This tells that my machine really has too much variance, but median and average seem to confirm there is no big difference. Moreover, binarytrees results are the same with/without the patch, which I assume confirm that the taken code paths are the same. I'll check the compilation time numbers to be sure, but I think we're good to go, otherwise.
(In reply to Luke Wagner [:luke] from comment #13)
> I'm not super concerned with single-core devices, but do you get the same
> results for 2 and 4 hardware threads (fixing 'numCpus' and using 'taskset')?

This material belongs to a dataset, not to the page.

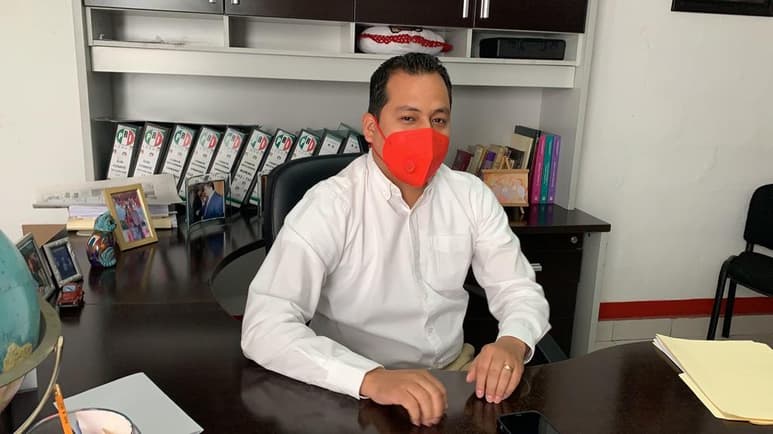 Juan José Carrillo Aldaba, dirigente del PRI en Lerdo mencionó respecto la consulta nacional del primero de agosto que los priistas piden que además del retiro del fuero a los ex presidentes se aborde el tema del mal manejo del COVID-19 por parte del Gobierno Federal y las malas decisiones y manejo de recursos del gobierno capitalino respecto a la Línea 12 del Metro que colapsó.
(EL SIGLO DE TORREÓN)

Methodology: 5 runs, take the median value, run with taskset + add the --threads-count argument to the js shell, measure compilation times on Poppler/Sqlite (longest benchmarks to compile).

8 cores:
- Poppler:
  - before: 370ms
  - after: 360ms (!)
- Sqlite:
  - before: 1732ms
  - after: 1753ms

4 cores:
- Poppler:
  - before: 362ms
  - after: 368ms
- Sqlite:
  - before: 1806ms
  - after: 1825ms

2 cores:
- Poppler:
  - before: 658ms
  - after: 657ms (!)
- Sqlite:
  - before: 2523ms
  - after: 2570ms

1 core:
- Poppler:
  - before: 959ms
  - after: 970ms
- Sqlite:
  - before: 3818ms
  - after: 3752ms (!)


So there seems to be a slowdown in most cases (if we ignore the cases marked with (!)), but it seems fairly low overall, in the range of noise, so things look good so far.
Diff: the Emit*Expr functions now contain plain switches that just redirects from the opcode to a specific Emit function, removing the need for braces for the switch cases (overall, 100 deletions).
Attachment #8616699 - Attachment is obsolete: true
Attachment #8616699 - Flags: review?(luke)
Attachment #8622869 - Flags: review?(luke)
Posted patch 3. Folded patch (obsolete) — Splinter Review
Attachment #8616700 - Attachment is obsolete: true
Benjamin, just one thing to remind: Massive results are score and not time, right?
So higher is better, and on all your posts you see to think the opposite.
(In reply to Guilherme Lima from comment #56)
> Benjamin, just one thing to remind: Massive results are score and not time,
> right?
> So higher is better, and on all your posts you see to think the opposite.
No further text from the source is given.